Exercise prompt
I'd like every entry returned exactly as it is, with the images left out.

[Captioned web images]
--- START ---

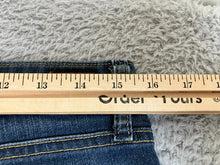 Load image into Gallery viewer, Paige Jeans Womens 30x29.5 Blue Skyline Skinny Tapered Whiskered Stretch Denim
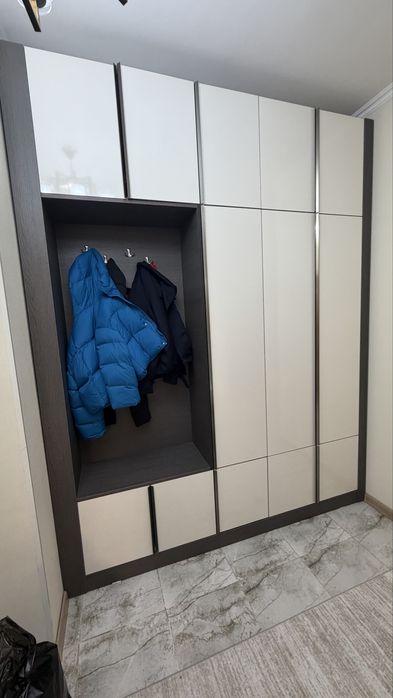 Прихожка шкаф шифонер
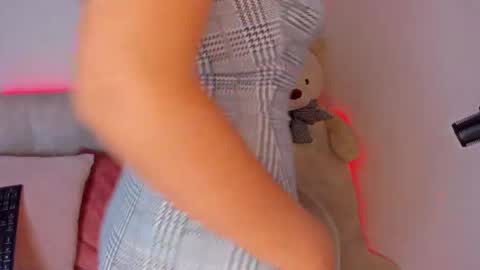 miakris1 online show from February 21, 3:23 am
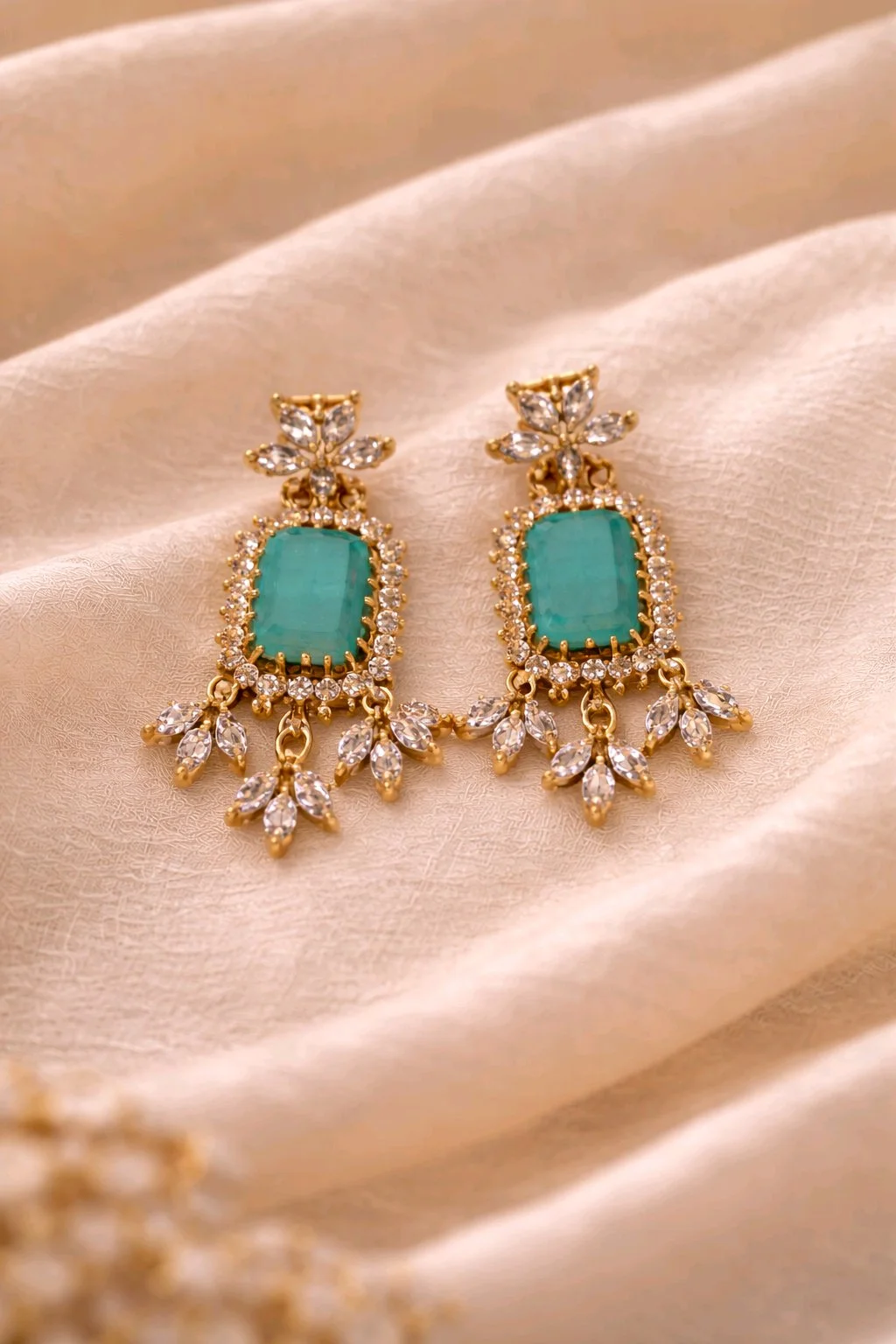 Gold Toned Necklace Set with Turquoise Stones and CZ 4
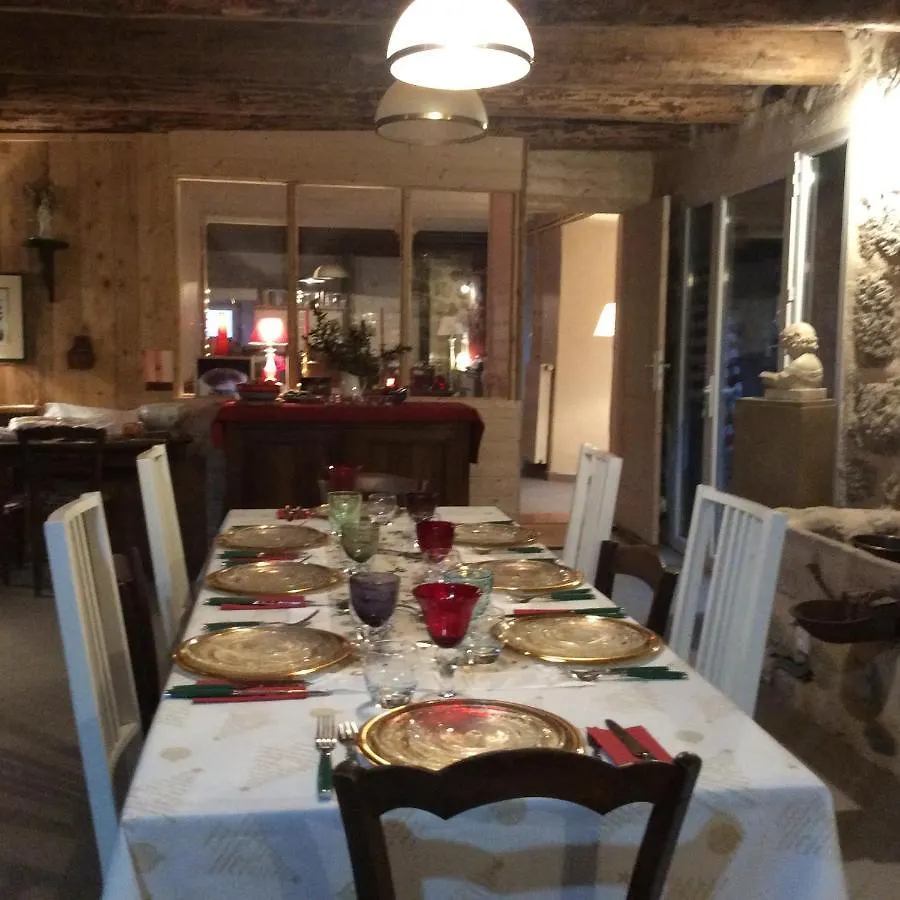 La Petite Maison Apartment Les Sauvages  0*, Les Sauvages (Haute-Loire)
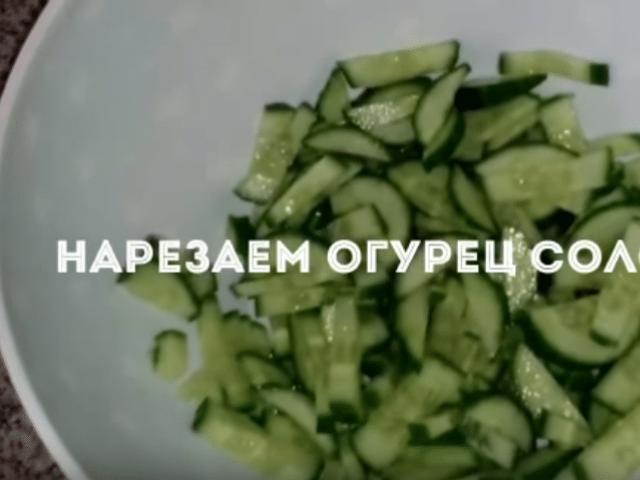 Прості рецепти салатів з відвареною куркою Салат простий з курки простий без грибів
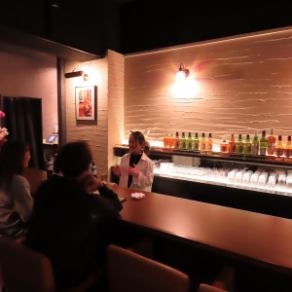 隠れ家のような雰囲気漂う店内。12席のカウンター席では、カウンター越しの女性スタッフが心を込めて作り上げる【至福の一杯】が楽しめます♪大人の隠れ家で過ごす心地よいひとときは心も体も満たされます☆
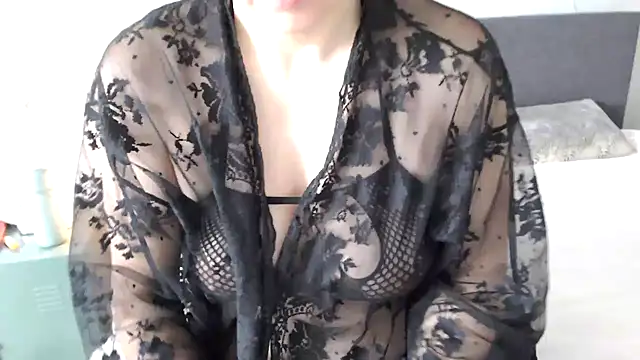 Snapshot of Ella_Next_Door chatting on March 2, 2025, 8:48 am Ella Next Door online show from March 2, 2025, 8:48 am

--- END ---

Solved exercise
 Load image into Gallery viewer, Paige Jeans Womens 30x29.5 Blue Skyline Skinny Tapered Whiskered Stretch Denim
 Прихожка шкаф шифонер
 miakris1 online show from February 21, 3:23 am
 Gold Toned Necklace Set with Turquoise Stones and CZ 4
 La Petite Maison Apartment Les Sauvages  0*, Les Sauvages (Haute-Loire)
 Прості рецепти салатів з відвареною куркою Салат простий з курки простий без грибів
 隠れ家のような雰囲気漂う店内。12席のカウンター席では、カウンター越しの女性スタッフが心を込めて作り上げる【至福の一杯】が楽しめます♪大人の隠れ家で過ごす心地よいひとときは心も体も満たされます☆
 Snapshot of Ella_Next_Door chatting on March 2, 2025, 8:48 am Ella Next Door online show from March 2, 2025, 8:48 am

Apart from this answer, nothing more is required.